Guasto è il mondo... la ricchezza si accumula e gli uomini vanno in rovina,
scriveva Oliver Goldsmith nel 1770. All’epoca in Inghilterra i privati esigevano le tasse, gestivano la sicurezza, arrestavano colpevoli o presunti tali. Naturalmente la legge non era uguale per tutti. Poi ci furono, l’indipendenza americana, la rivoluzione francese e quella industriale. La fine dello schiavismo e del lavoro minorile, la presa del palazzo d’inverno. La grande depressione e il New Deal, il voto alle donne, scolarizzazione, assistenza sanitaria e intervento pubblico nell’economia.
Adesso a duecento anni di distanza ci vogliono far credere che privato è bello.
Si, per chi lo gestisce. Ma dolorosissimo per tutti gli altri, come dimostrano le vicende degli ultimi anni. Lo storico Tony Judt, con grande capacità di sintesi spiega il paradosso dei nuovi liberisti in un libro che tutti dovrebbero leggere. Una specie di lascito apparso lo scorso anno poco prima della sua morte e ora tradotto in italiano (T. Judt, Guasto è il mondo, Laterza).

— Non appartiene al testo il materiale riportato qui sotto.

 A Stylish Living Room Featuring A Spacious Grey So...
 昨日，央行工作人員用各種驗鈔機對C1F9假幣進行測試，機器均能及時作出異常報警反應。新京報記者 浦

La svolta parte da lontano, da un gruppo di economisti approdati in America per sfuggire al nazismo, animati  da lodevoli intenzioni, ma apparentemente ignari di quanto era successo negli USA mentre in Europa trionfavano le dittature. Ispirati alle loro teorie i Chicago boys di Milton Friedman diventano i teorici della nuova destra politica, la Thatcher e Regan. In quarant’anni si distruggono due secoli di conquiste sociali, spesso con il beneplacito dei partiti socialdemocratici. Anche la generazione del ’68 viene strapazzata. L’eccesso di individualismo ha pervaso la società mettendo in discussione conquiste costate decenni di lotte. Il posto fisso allora rifiutato in nome di libertà e realizzazione personale, è oggi il sogno dei giovani precari. Due numeri per sfatare il mito della ricchezza per tutti. Le privatizzazioni in Gran Bretagna hanno trasferito dalle casse dello Stato ai privati 17 miliardi di sterline. Nel 1994 la società pubblica delle Ferrovie costava al contribuente 950 milioni, nel 2008 quella semiprivata 5 miliardi. E io pago diceva Totò, non per il baraccone collettivo, peggio, per arricchire i furbi.